Working on a large quilt can sometimes be overwhelming. The key to success in quilting (and in life!) is to stay motivated by setting long-term and short-term goals for ourselves. And, of course, when we reach those goals, we need to reward ourselves…with chocolate!
When I have more that just a few circles to make, I need to stay motivated. I reach for my Perfect Circles by Karen Kay Buckley, I make a cup of coffee, I crank up the music and I have some chocolate handy! How much chocolate I have depends on how many circles I need to make…..lots of circles means lots of chocolate!
Before I know it, the circles are finished and I am ready to move on to the next step of the block.
I am prepping the 4th block of The Civil War Bride Quilt. It also has more than a few circles on it! It has some interesting loopy tendrils made from bias strips. Here is a little tip I use for making really curvy bias pieces. I used the same technique for making the handles on this basket. So easy!
First, I make the bias strip using bias bars. Here are a few tips for using bias bars.
Next, I put the paper pattern on a padded surface, like an ironing board. Then I place the bias strip on the pattern and put a few pins where I want to start.
I dampen the bias strip with starch and then use the mini-iron to “mold” the bias strip into place.
Once it is dry, the bias strip will actually hold its shape. You can pick it up and toss it around!
Glue in place and you are ready to stitch!
Til next time……
My eye doctor is a saint! He understands that I need more than one pair of glasses. In fact, I need three! One for distance, one for medium close and one for extremely close! When I quilt, I spend a lot of time looking for my glasses, only to find them under a pile of fabric. So here is the solution!

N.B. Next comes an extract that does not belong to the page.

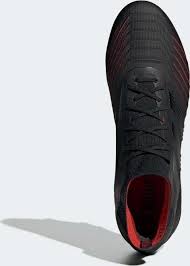 These adidas predator 19.1 feature a bright cyan, core black and solar yellow colourway. Adidas Predator 19 1 Sg Core Black Core Black Active Red Ab 107 02 2021 Preisvergleich Geizhals Deutschland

Block #2 of Barbara Brackman’s Grandmother’s Choice has set-in seams. So, of course, I have been avoiding it. After seeing yesterday’s block, I decided I better get a move on!!
One of my goals is to hand-quilt Sue Garman’s Bouquets For a New Day this winter. I am making steady progress on the second last (!) block.
My Sunday Afternoon Applique Group met last Sunday after taking a break for the summer. This year we are all playing “catch-up” instead of starting a new project. This is one of my Roseville blocks that I am working on this year. I was sooo excited to find this yummy selection of hand-quilting thread by Amy Butler. I am using it as my inspiration for color.
Gee, Bruin, I wonder why my fabric has so much cat hair on it??
Til next time……
I have finished another block of Roseville!
These blocks are going together soooo quickly!! The pattern pieces are fairly big and not at all complicated. Although I am a huge fan of needleturn applique, I am using the freezer paper and starch method for this quilt. I first saw Pearl Pereira of P3 Designs demonstrating this technique at The Applique Academy three years ago. Pearl made this technique look very easy so I gave it a try. The following year, I took a 3-day class with Pearl at The Applique Academy and I have never looked back. I love being able to glue the entire block in place before stitching. So…when I say these blocks are finished, they aren’t exactly “finished”! The blocks are glued in place and are just waiting to be stitched in place. No edges to turn under because they are already turned under! Just remember, everyone has their favourite “right” way of doing things. Take the time to try different techniques of applique and find the one that works for you!
The fabric I am using for this quilt is “Summer House” by Lily Ashbury. Some of the prints lend themselves to fussy cutting. I fussy cut the circles for the vase from this fabric.
Here is a close-up of the circles on the vase.
Well! I am thrilled with the way these blocks are turning out! I am having way too much fun choosing fabrics for each of the blocks. The fabric is “Summer House” by Lily Ashbury for Moda. When I bought the fat quarter bundle last summer, I was not sure what I would ever do with. All I knew was that I loved it and had to have it!! I pre-washed the fat quarters and put it in my closet with the rest of my fabric. When I was stumped by my first attempt at Roseville, I went through my closet looking for some inspiration. My eye was immediately drawn to the bright, cheerful fabrics and I knew right away that this fabric was going to work!
Here are four of the blocks:
4 Blocks of Roseville
Every now and then I am faced with a quilting dilemna. You know what I am talking about. I have chosen a pattern that I love. (Roseville by Kim McLean). I have chosen fabrics that I love. (Amelia by Me & My Sisters). I have eagerly stitched a few blocks anticipating what the full size quilt will look like. But, as I stitched the last block, I started to get this sinking feeling. You know the feeling! It’s just not coming together like I thought it would. I am not loving my quilt blocks anymore! I still don’t know what went wrong! I still love the fabric and I will save it for another project. I still love the pattern. So…after much thought, I have decided to start this quilt again, this time with a different line of fabric. (Summer House by Moda). Here is the first block:
ROSEVILLE BLOCK 1
This is not the first time I abandoned my blocks. A couple of years ago I was working on Spring Garden Sampler by The Rabbit Factory. It was time to find a backing for it. I searched through my stash and found a whole pile of appliqued blocks that I had forgotten about. I decided to include the forgotten blocks in the backing. So… my abandoned quilt blocks always make it into a quilt…just not always on the front!!
FRONT AND BACK OF SPRING GARDEN SAMPLER
These are the abandoned blocks that will some day grace the back of a quilt!